**What you need to do:** Leave the pictures out and reproduce, exactly, the lines from the one with "Profile image of シズカ" through the end of the entries below.

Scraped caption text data

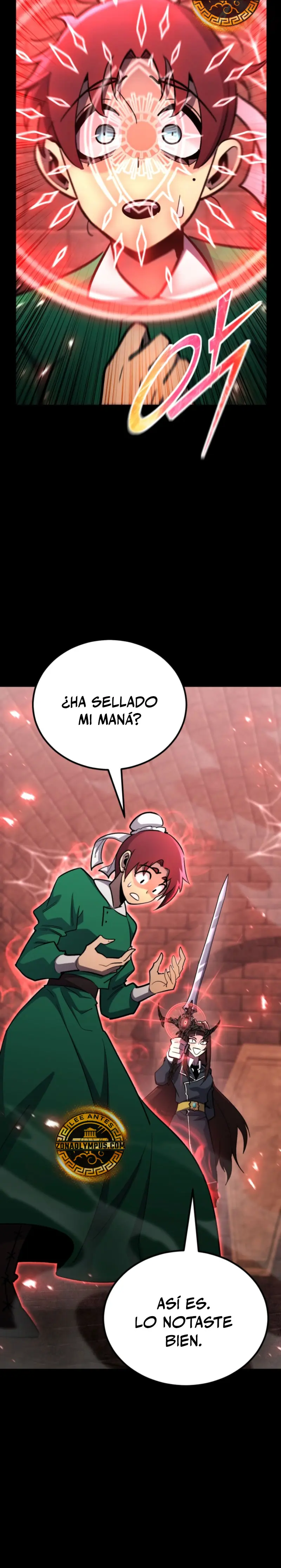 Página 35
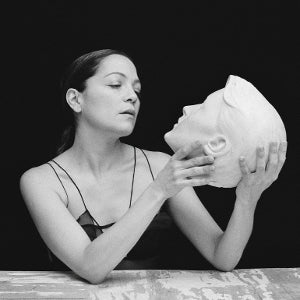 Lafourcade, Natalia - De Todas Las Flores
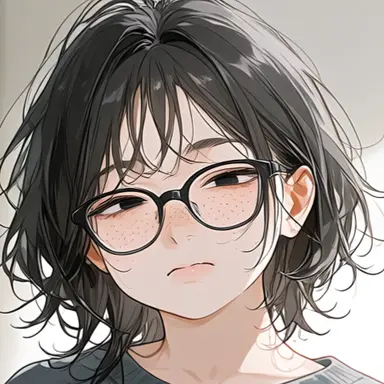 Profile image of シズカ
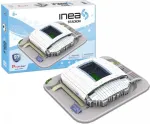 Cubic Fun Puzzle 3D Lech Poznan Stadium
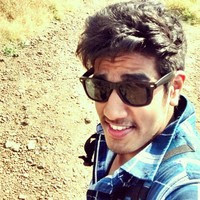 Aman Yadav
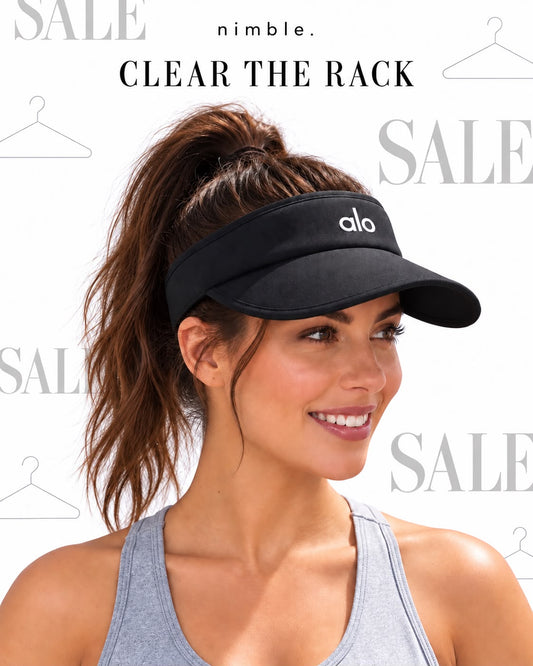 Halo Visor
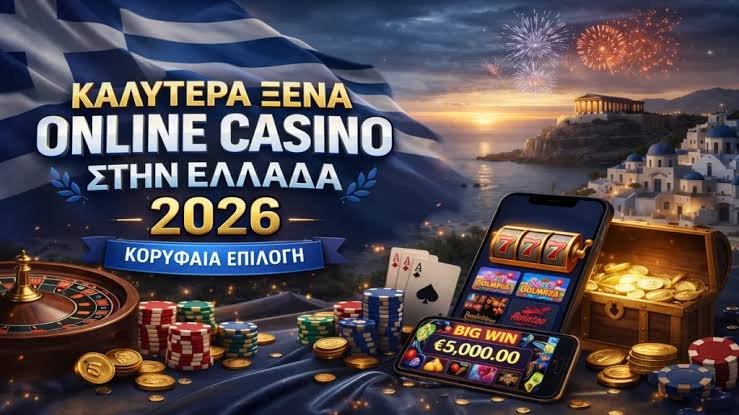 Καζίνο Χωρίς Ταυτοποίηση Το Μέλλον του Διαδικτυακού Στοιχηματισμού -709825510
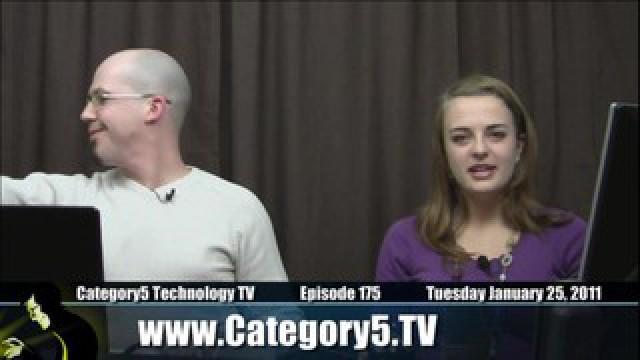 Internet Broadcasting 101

**Solution to this problem:**
 Profile image of シズカ
 Cubic Fun Puzzle 3D Lech Poznan Stadium
 Aman Yadav
 Halo Visor
 Καζίνο Χωρίς Ταυτοποίηση Το Μέλλον του Διαδικτυακού Στοιχηματισμού -709825510
 Internet Broadcasting 101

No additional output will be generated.